Build Overview

The Zephyr build process can be divided into two main phases: a configuration phase (driven by CMake) and a build phase (driven by Make or Ninja).

Configuration Phase

The configuration phase begins when the user invokes CMake, specifying a source application directory and a board target.

Zephyr's build configuration phase

CMake begins by processing the CMakeLists.txt file in the application directory, which refers to the CMakeLists.txt file in the Zephyr top-level directory, which in turn refers to CMakeLists.txt files throughout the build tree (directly and indirectly). Its primary output is a set of Makefiles or Ninja files to drive the build process, but the CMake scripts also do some processing of their own:

Devicetree

*.dts (devicetree source) and *.dtsi (devicetree source include) files are collected from the target’s architecture, SoC, board, and application directories.

*.dtsi files are included by *.dts files via the C preprocessor (often abbreviated cpp, which should not be confused with C++). The C preprocessor is also used to merge in any devicetree *.overlay files, and to expand macros in *.dts, *.dtsi, and *.overlay files.

The preprocessed devicetree sources (stored in *.dts.pre.tmp) are parsed by gen_defines.py to generate a devicetree_unfixed.h header with preprocessor macros.

As a debugging aid, gen_defines.py writes the final devicetree to zephyr.dts. This file is just for reference. It is not used anywhere.

The dtc devicetree compiler also gets run on the preprocessed devicetree sources to catch any extra warnings and errors generated by it. The output from dtc is unused otherwise.

The above is just a brief overview. For more information on devicetree, see Devicetree Guide.

Devicetree fixups

Files named dts_fixup.h from the target’s architecture, SoC, board, and application directories are concatenated into a single devicetree_fixups.h file. dts_fixup.h files are used to rename generated macros to names expected by the source code.

Source code accesses preprocessor macros generated from devicetree by including the devicetree.h header, which includes devicetree_unfixed.h and devicetree_fixups.h.

Kconfig

Kconfig files define available configuration options for for the target architecture, SoC, board, and application, as well as dependencies between options.

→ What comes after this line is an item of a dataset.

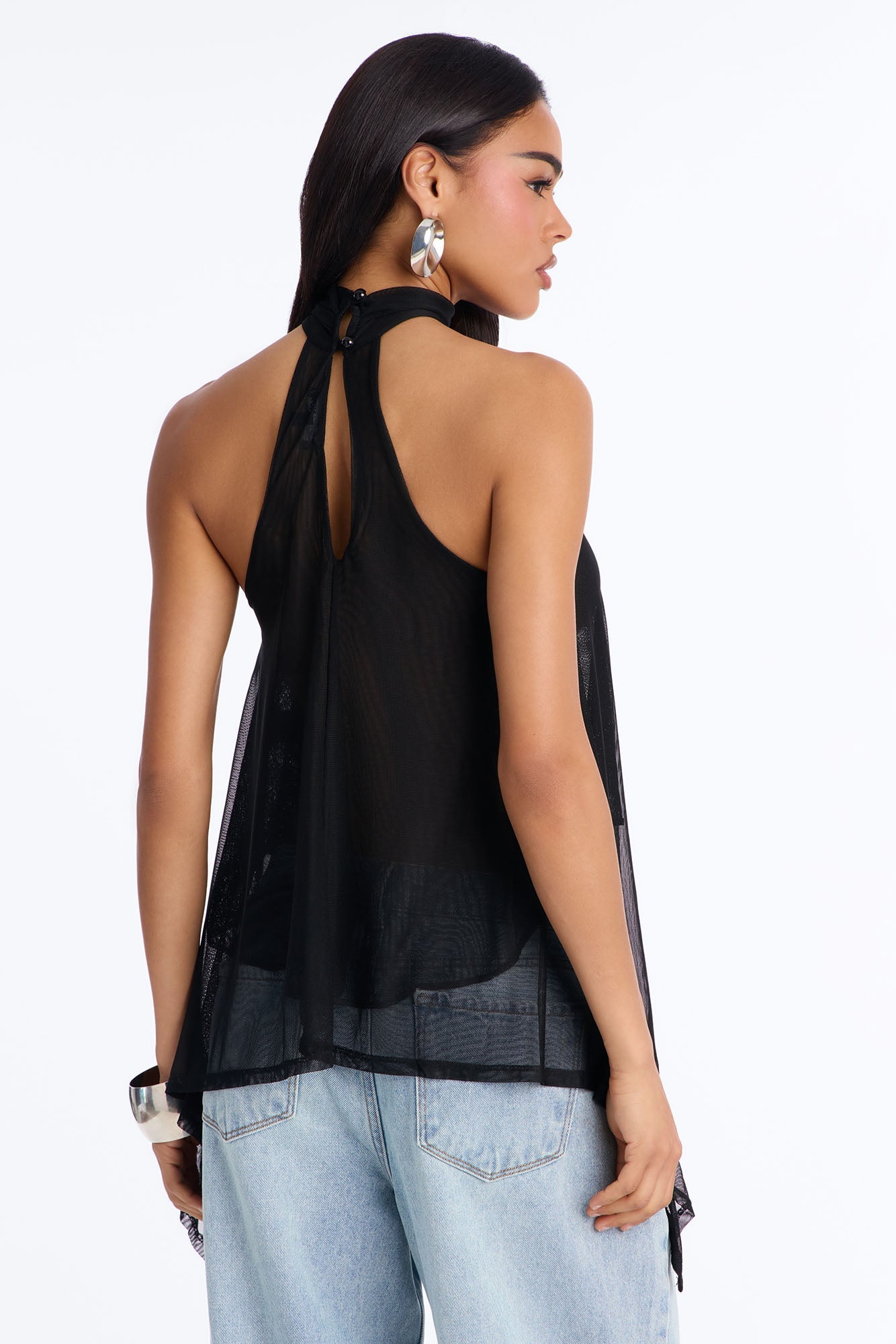 Feeling Fine Sheer Mesh High Neck Sleeveless Top - Black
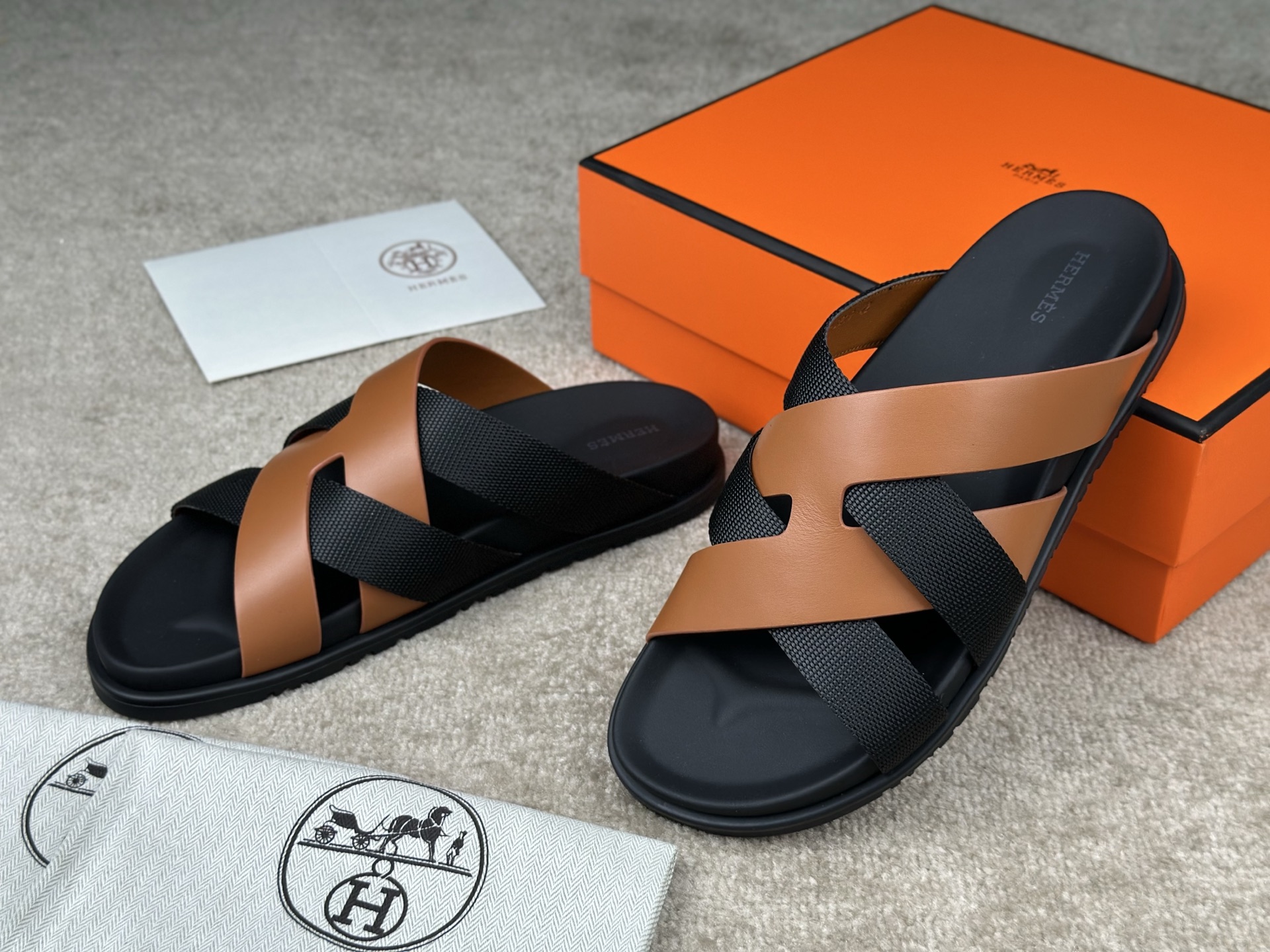 Hermès Kazimir Sandal, Luxury Leather and Fabric Slides for Men, Sizes 38-47 3 i1741413857538 3560 0 2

Kconfig configurations are stored in configuration files. The initial configuration is generated by merging configuration fragments from the board and application (e.g. prj.conf).

The output from Kconfig is an autoconf.h header with preprocessor assignments, and a .config file that acts both as a saved configuration and as configuration output (used by CMake).

Information from devicetree is available to Kconfig, through the functions defined in kconfigfunctions.py.

See the Kconfig section of the manual for more information.

Build Phase

The build phase begins when the user invokes make or ninja. Its ultimate output is a complete Zephyr application in a format suitable for loading/flashing on the desired target board (zephyr.elf, zephyr.hex, etc.) The build phase can be broken down, conceptually, into four stages: the pre-build, first-pass binary, final binary, and post-processing.

Pre-build occurs before any source files are compiled, because during this phase header files used by the source files are generated.

Pre-build

Offset generation

Access to high-level data structures and members is sometimes required when the definitions of those structures is not immediately accessible (e.g., assembly language). The generation of offsets.h (by gen_offset_header.py) facilitates this.

System call boilerplate

The gen_syscall.py and parse_syscalls.py scripts work together to bind potential system call functions with their implementations.

Zephyr's build stage I

First-pass binary

Compilation proper begins with the first-pass binary. Source files (C and assembly) are collected from various subsystems (which ones is decided during the configuration phase), and compiled into archives (with reference to header files in the tree, as well as those generated during the configuration phase and the pre-build stage).

If memory protection is enabled, then:

Partition grouping

The gen_app_partitions.py script scans all the generated archives and outputs linker scripts to ensure that application partitions are properly grouped and aligned for the target’s memory protection hardware.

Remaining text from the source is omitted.